*** DATASET EXTRACT ***

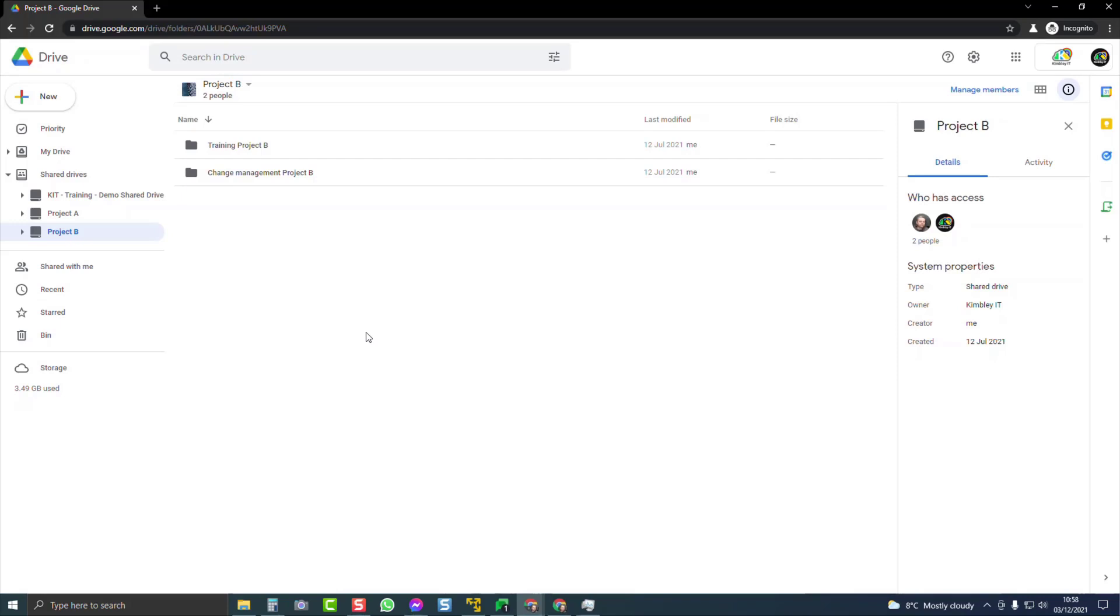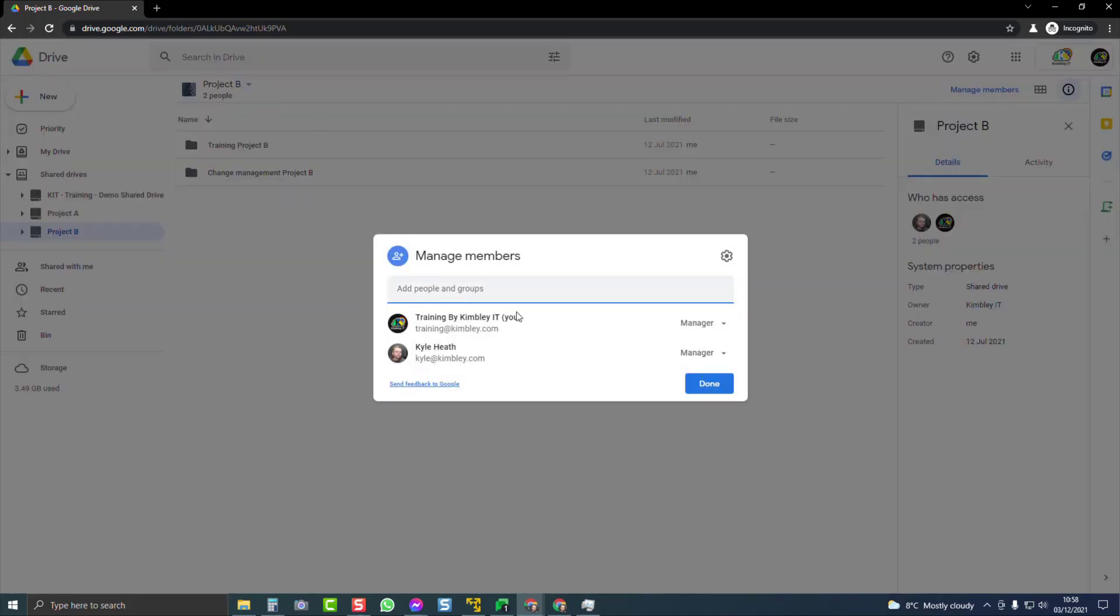You might come across this when you work on Google Drive and you think, why is that this way? Why am I so frustrated that I can't move it? That's the reason why. You need to make sure when you go into your shared drive that you are a manager to be able to move files between shared drives.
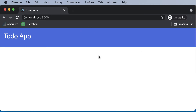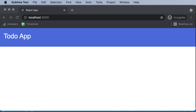We've successfully created the header component of our application. In the next lecture, we'll go ahead and design the form component. Thank you very much for watching and I'll see you in the next one.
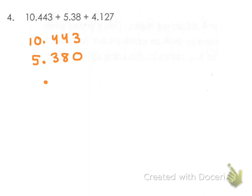Okay, and our third number that we're putting in is 4.127. And we are adding those three things together.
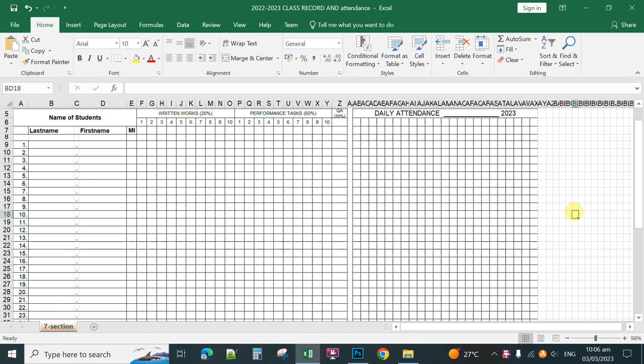Good morning, teachers and everyone. In this video, I'm going to share with you my customized class record and attendance sheet that is actually useful in our daily recording for students' assessment or output. You can download this one for free in the description box below.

***

TASK BRIEF:
With the pictures omitted, restate word for word the lines above from the line that has "We've successfully created" up to and including the line that has "Okay, and our", and no other lines.

TASK SOLUTION:
We've successfully created the header component of our application. In the next lecture, we'll go ahead and design the form component. Thank you very much for watching and I'll see you in the next one.
Okay, and our third number that we're putting in is 4.127. And we are adding those three things together.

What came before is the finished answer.